# What kind of Isopods and how many?



## Pacblu202

What kind of Isopods should I get for my dart tank and also how many. I don't want to spend a lot on them. I saw the orange Spanish ones or something close to that name those are pretty neat looking. Also for my 55g tank how many should I get. It's a long tank 32x20x20 and will have anywhere from 2-4 inches I dirt depending on the location(itll be build up around the small pond area and a few small hills to give it character and more land.)


----------



## Pumilo

Pacblu202 said:


> What kind of Isopods should I get for my dart tank and also how many. I don't want to spend a lot on them. I saw the orange Spanish ones or something close to that name those are pretty neat looking. Also for my 55g tank how many should I get. It's a long tank 32x20x20 and will have anywhere from 2-4 inches I dirt depending on the location(itll be build up around the small pond area and a few small hills to give it character and more land.)

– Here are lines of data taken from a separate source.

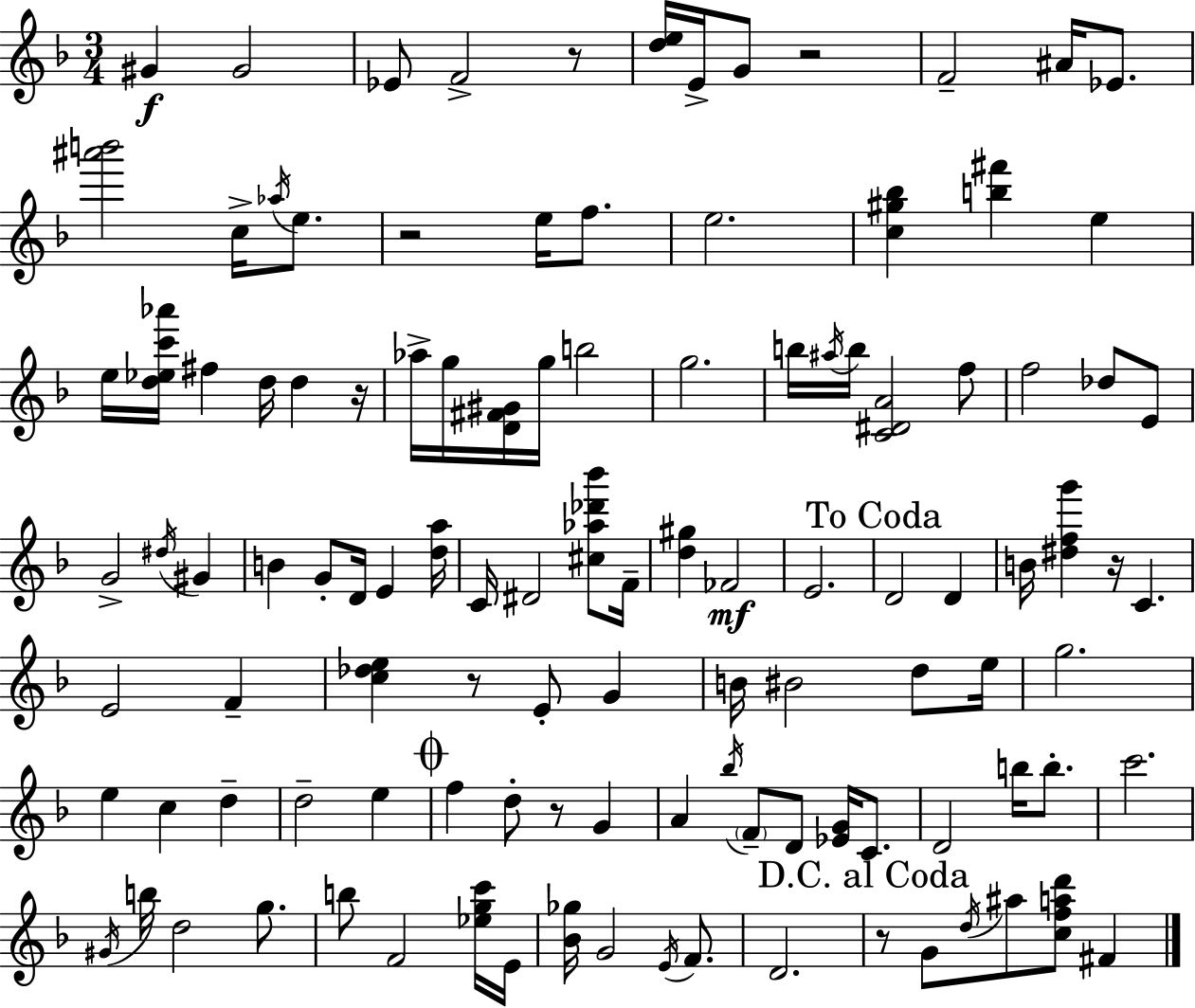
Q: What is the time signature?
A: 3/4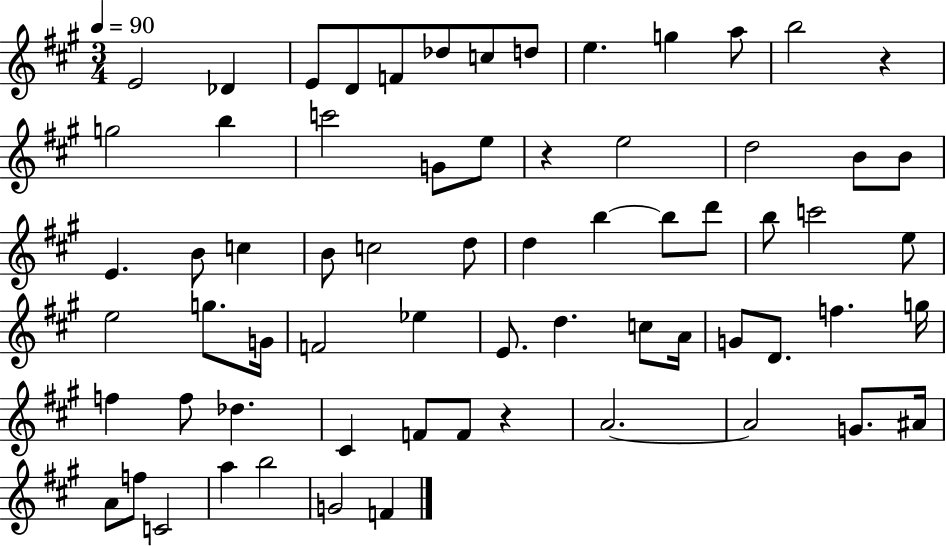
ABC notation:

X:1
T:Untitled
M:3/4
L:1/4
K:A
E2 _D E/2 D/2 F/2 _d/2 c/2 d/2 e g a/2 b2 z g2 b c'2 G/2 e/2 z e2 d2 B/2 B/2 E B/2 c B/2 c2 d/2 d b b/2 d'/2 b/2 c'2 e/2 e2 g/2 G/4 F2 _e E/2 d c/2 A/4 G/2 D/2 f g/4 f f/2 _d ^C F/2 F/2 z A2 A2 G/2 ^A/4 A/2 f/2 C2 a b2 G2 F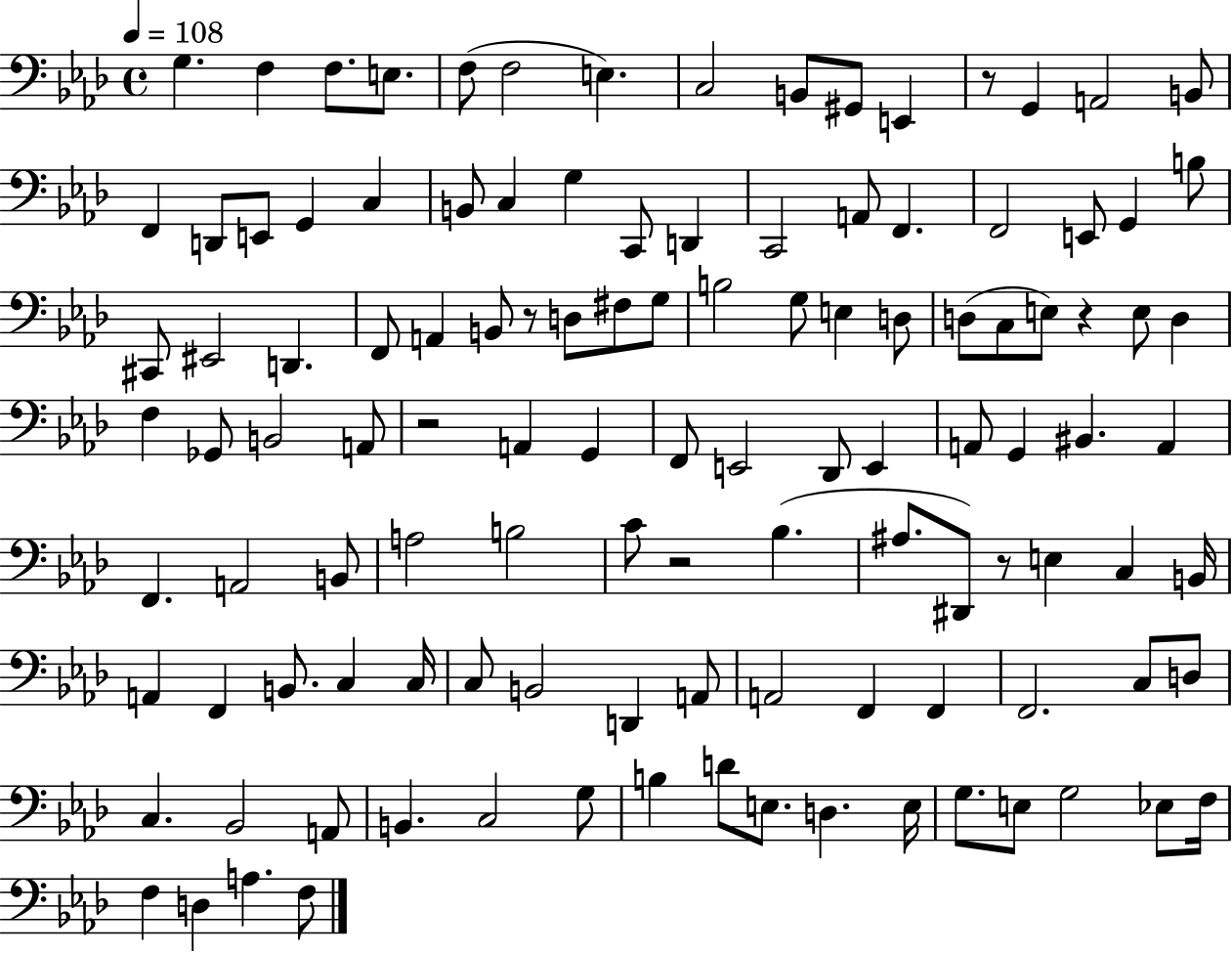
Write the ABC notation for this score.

X:1
T:Untitled
M:4/4
L:1/4
K:Ab
G, F, F,/2 E,/2 F,/2 F,2 E, C,2 B,,/2 ^G,,/2 E,, z/2 G,, A,,2 B,,/2 F,, D,,/2 E,,/2 G,, C, B,,/2 C, G, C,,/2 D,, C,,2 A,,/2 F,, F,,2 E,,/2 G,, B,/2 ^C,,/2 ^E,,2 D,, F,,/2 A,, B,,/2 z/2 D,/2 ^F,/2 G,/2 B,2 G,/2 E, D,/2 D,/2 C,/2 E,/2 z E,/2 D, F, _G,,/2 B,,2 A,,/2 z2 A,, G,, F,,/2 E,,2 _D,,/2 E,, A,,/2 G,, ^B,, A,, F,, A,,2 B,,/2 A,2 B,2 C/2 z2 _B, ^A,/2 ^D,,/2 z/2 E, C, B,,/4 A,, F,, B,,/2 C, C,/4 C,/2 B,,2 D,, A,,/2 A,,2 F,, F,, F,,2 C,/2 D,/2 C, _B,,2 A,,/2 B,, C,2 G,/2 B, D/2 E,/2 D, E,/4 G,/2 E,/2 G,2 _E,/2 F,/4 F, D, A, F,/2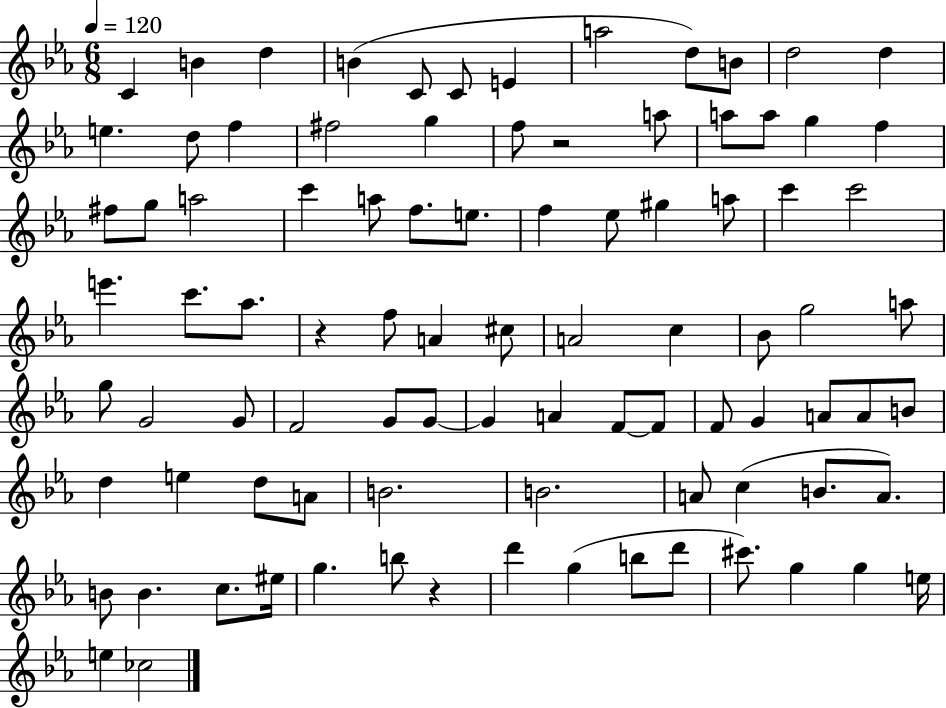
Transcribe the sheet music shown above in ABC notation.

X:1
T:Untitled
M:6/8
L:1/4
K:Eb
C B d B C/2 C/2 E a2 d/2 B/2 d2 d e d/2 f ^f2 g f/2 z2 a/2 a/2 a/2 g f ^f/2 g/2 a2 c' a/2 f/2 e/2 f _e/2 ^g a/2 c' c'2 e' c'/2 _a/2 z f/2 A ^c/2 A2 c _B/2 g2 a/2 g/2 G2 G/2 F2 G/2 G/2 G A F/2 F/2 F/2 G A/2 A/2 B/2 d e d/2 A/2 B2 B2 A/2 c B/2 A/2 B/2 B c/2 ^e/4 g b/2 z d' g b/2 d'/2 ^c'/2 g g e/4 e _c2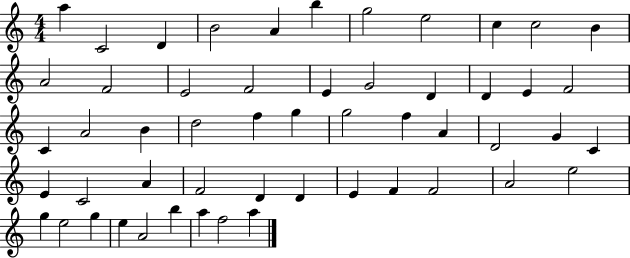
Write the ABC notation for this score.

X:1
T:Untitled
M:4/4
L:1/4
K:C
a C2 D B2 A b g2 e2 c c2 B A2 F2 E2 F2 E G2 D D E F2 C A2 B d2 f g g2 f A D2 G C E C2 A F2 D D E F F2 A2 e2 g e2 g e A2 b a f2 a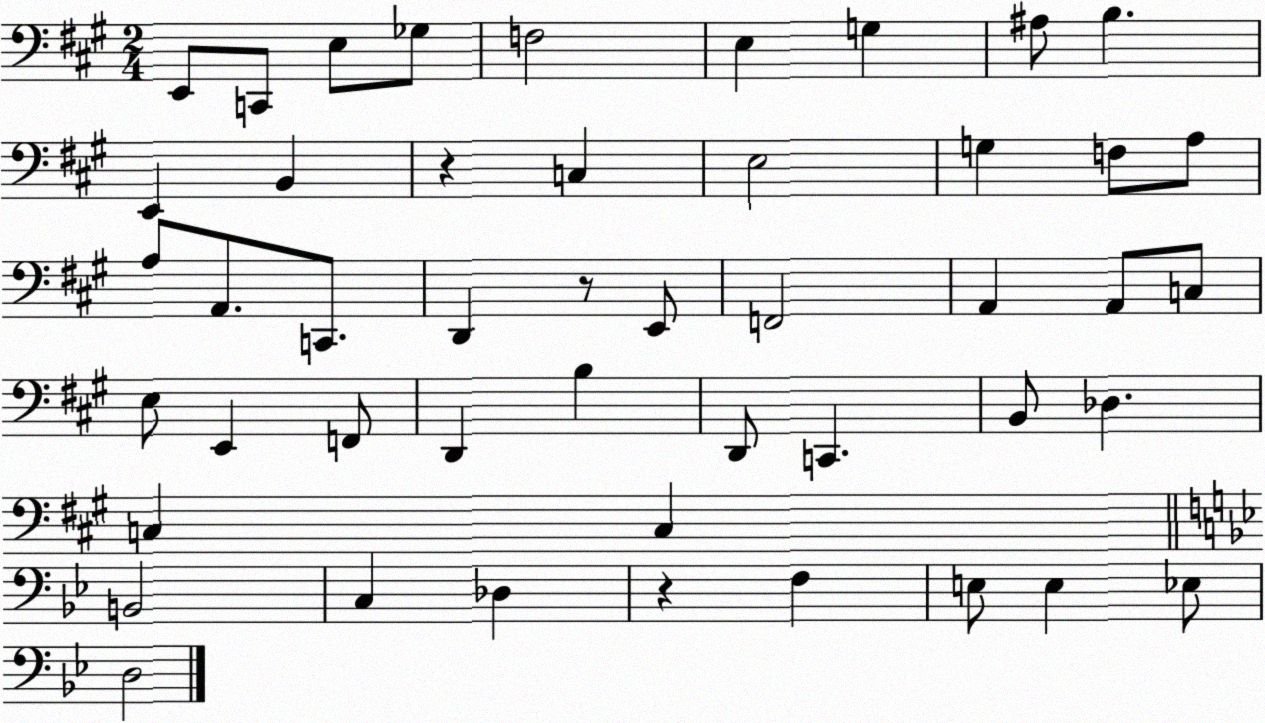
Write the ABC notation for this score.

X:1
T:Untitled
M:2/4
L:1/4
K:A
E,,/2 C,,/2 E,/2 _G,/2 F,2 E, G, ^A,/2 B, E,, B,, z C, E,2 G, F,/2 A,/2 A,/2 A,,/2 C,,/2 D,, z/2 E,,/2 F,,2 A,, A,,/2 C,/2 E,/2 E,, F,,/2 D,, B, D,,/2 C,, B,,/2 _D, C, C, B,,2 C, _D, z F, E,/2 E, _E,/2 D,2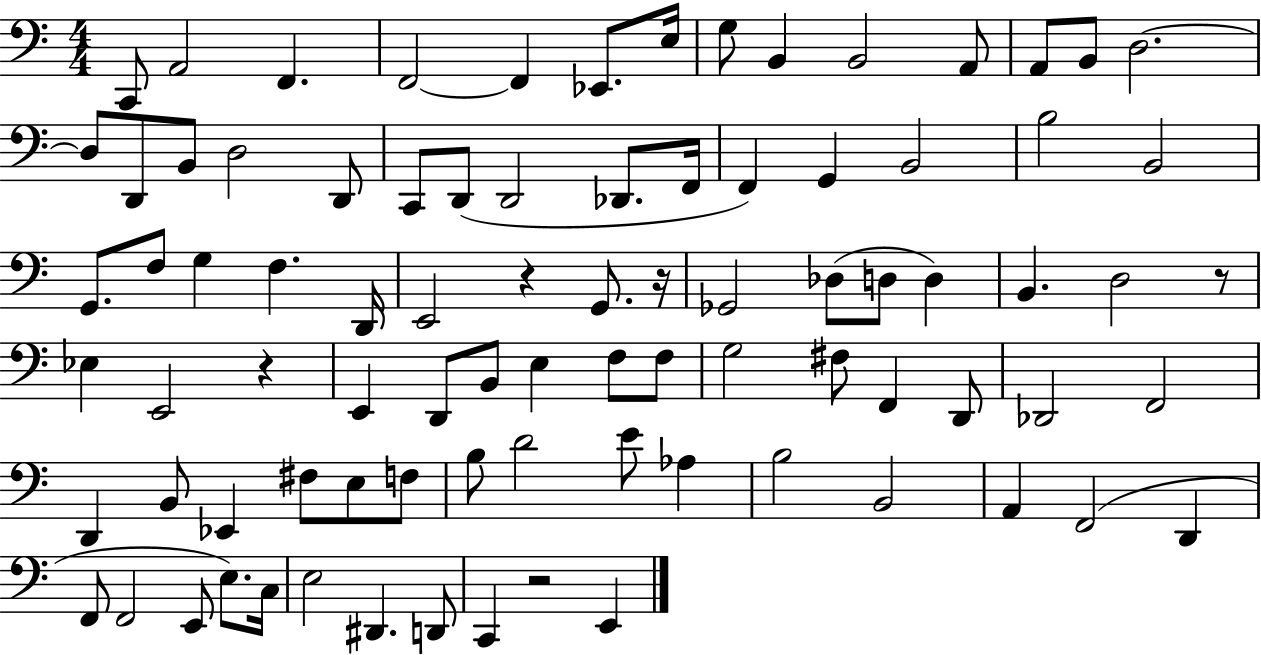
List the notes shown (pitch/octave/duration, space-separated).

C2/e A2/h F2/q. F2/h F2/q Eb2/e. E3/s G3/e B2/q B2/h A2/e A2/e B2/e D3/h. D3/e D2/e B2/e D3/h D2/e C2/e D2/e D2/h Db2/e. F2/s F2/q G2/q B2/h B3/h B2/h G2/e. F3/e G3/q F3/q. D2/s E2/h R/q G2/e. R/s Gb2/h Db3/e D3/e D3/q B2/q. D3/h R/e Eb3/q E2/h R/q E2/q D2/e B2/e E3/q F3/e F3/e G3/h F#3/e F2/q D2/e Db2/h F2/h D2/q B2/e Eb2/q F#3/e E3/e F3/e B3/e D4/h E4/e Ab3/q B3/h B2/h A2/q F2/h D2/q F2/e F2/h E2/e E3/e. C3/s E3/h D#2/q. D2/e C2/q R/h E2/q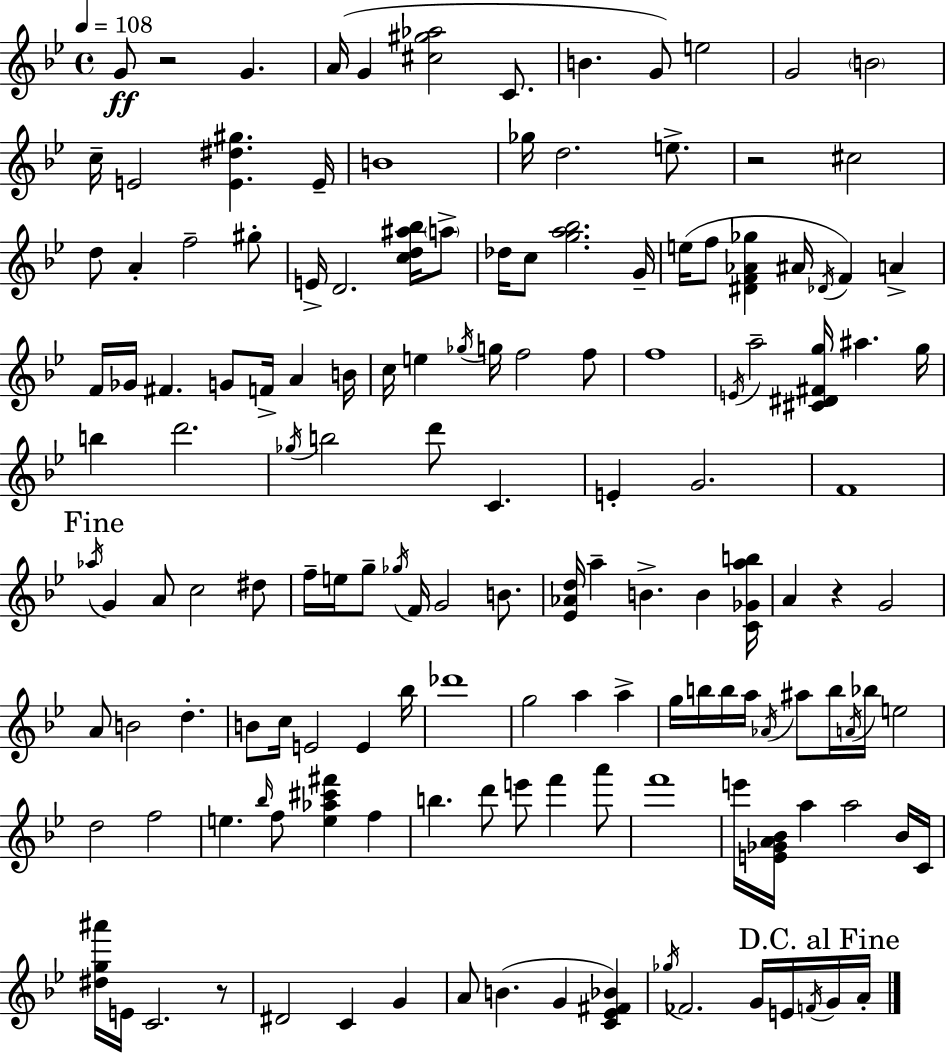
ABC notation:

X:1
T:Untitled
M:4/4
L:1/4
K:Bb
G/2 z2 G A/4 G [^c^g_a]2 C/2 B G/2 e2 G2 B2 c/4 E2 [E^d^g] E/4 B4 _g/4 d2 e/2 z2 ^c2 d/2 A f2 ^g/2 E/4 D2 [cd^a_b]/4 a/2 _d/4 c/2 [ga_b]2 G/4 e/4 f/2 [^DF_A_g] ^A/4 _D/4 F A F/4 _G/4 ^F G/2 F/4 A B/4 c/4 e _g/4 g/4 f2 f/2 f4 E/4 a2 [^C^D^Fg]/4 ^a g/4 b d'2 _g/4 b2 d'/2 C E G2 F4 _a/4 G A/2 c2 ^d/2 f/4 e/4 g/2 _g/4 F/4 G2 B/2 [_E_Ad]/4 a B B [C_Gab]/4 A z G2 A/2 B2 d B/2 c/4 E2 E _b/4 _d'4 g2 a a g/4 b/4 b/4 a/4 _A/4 ^a/2 b/4 A/4 _b/4 e2 d2 f2 e _b/4 f/2 [e_a^c'^f'] f b d'/2 e'/2 f' a'/2 f'4 e'/4 [E_GA_B]/4 a a2 _B/4 C/4 [^dg^a']/4 E/4 C2 z/2 ^D2 C G A/2 B G [C_E^F_B] _g/4 _F2 G/4 E/4 F/4 G/4 A/4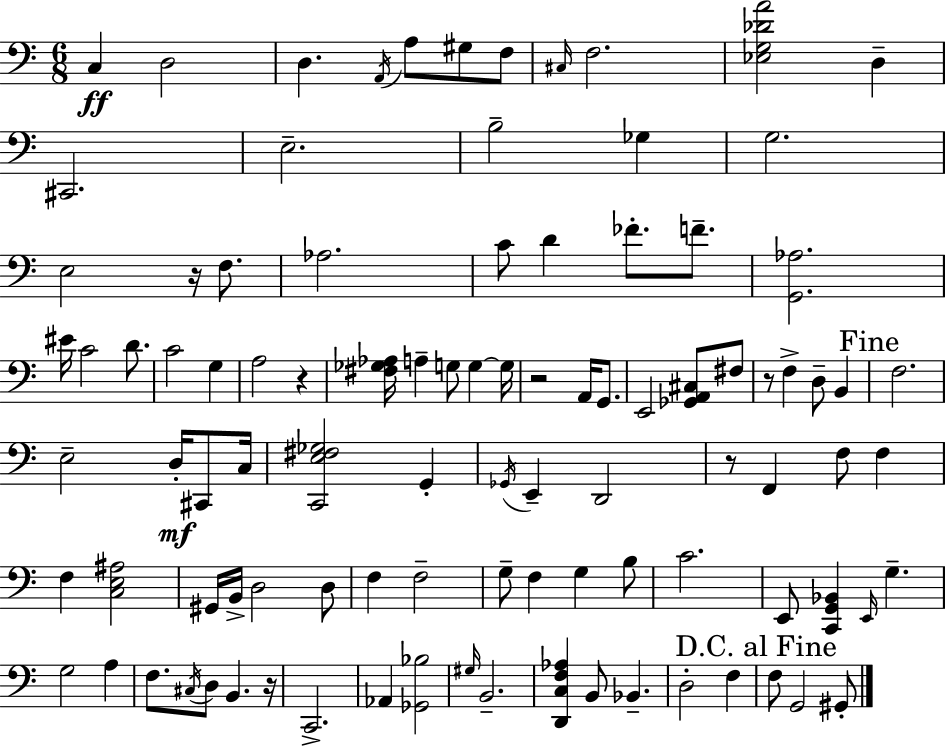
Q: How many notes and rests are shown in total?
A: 98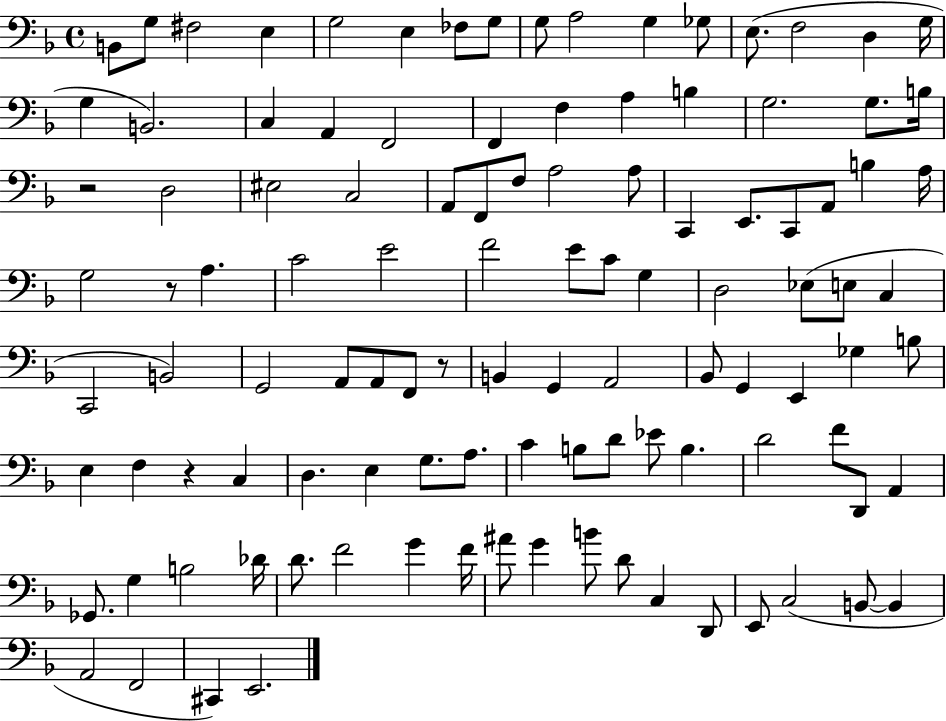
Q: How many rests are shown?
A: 4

What kind of frogs will you be keeping?


----------



## ConFuCiuZ

Pacblu202 said:


> What kind of Isopods should I get for my dart tank and also how many. I don't want to spend a lot on them. I saw the orange Spanish ones or something close to that name those are pretty neat looking. Also for my 55g tank how many should I get. It's a long tank 32x20x20 and will have anywhere from 2-4 inches I dirt depending on the location(itll be build up around the small pond area and a few small hills to give it character and more land.)


You should definitely get spring tails. As for Isopods, you can go with the Giant Orange. Your not using these to feed your frogs. They are more for cleaning your vivarium. 2-4 inches is fine. Contact Jeremy or use his website. He has tons of info on isopods as well as sells them. TheNotoriousTinctorius.com

Before you buy any PDF let your vivarium be well establish with springtails and isopods.


----------



## hypostatic

If you're located near some other froggers you can try to get in touch with some of the local froggers and see if they have any cultures they can spare. You might get a free one if it got contaminated with mites and its just getting thrown away anyway. PLUS you'll gain some new friends!


----------



## JacobP

I have had good luck culturing native gray isopods as in vivarium cleaners, and have even seen my banded intermedius eat a baby gray isopod nearly an 1/8" long. Much larger than I thought they would eat, but it just shows how versatile a tool they can be, when they are small they are still doing maintenance but provide a snack if necessary. The few that survive to adults maintain the population at a good level.

I have since acquired dwarf purples, dwarf whites, dwarf greys and spanish oranges. I am in the process of redoing the banded intermedius viv and will be adding dwarf purples and my native grays. The purples to add a smaller isopod they can eat for longer of their life cycle, while getting the cleaning benefits of the larger gray isopods I have cultured.

I would try and get a large culture containing at least a 100 of the smaller species for a 55 gallon, or at least 25 of a large isopod species such as giant oranges or the native large gray isopods. If you intend on seeding the tank right away. I usually culture my new feeders independent of vivariums and only a portion of the isopods are seeded, so I can keep some of my isopods in good breeding densities. Its much harder for 25 isopods to find each other in a 55 gallon, then a ziploc container.


----------



## hypostatic

If you want to use native species ("spanish oranges" are just a color morph of _Porcellio scaber_, an isopod that you are likely to find in your backyard), then you should really culture them in containers for awhile and NOT just add them into your viv because you might inadvertently also introduce some pest that might get your frogs sick, eat away at your plants, or decimate your microfauna population that you are trying to establish.


----------



## fieldnstream

I've had the best luck with dwarf whites. They are soft-bodied, stay small, and are great producers. They do a good job of keeping the tank clean (well, relatively clean), are small enough for most darts to eat even as adults, and are prolific. All-around great choice. Dwarf whites+temp springs=my go to bug arsenal for seeding every new build. As far as how many, I would put as many as you can. I usually add a producing medium ziploc culture (around 3 quarts) into new builds, so at least 100 adults, most likely many more. I use half a booming culture of springs, so thats 1000's of springs.


----------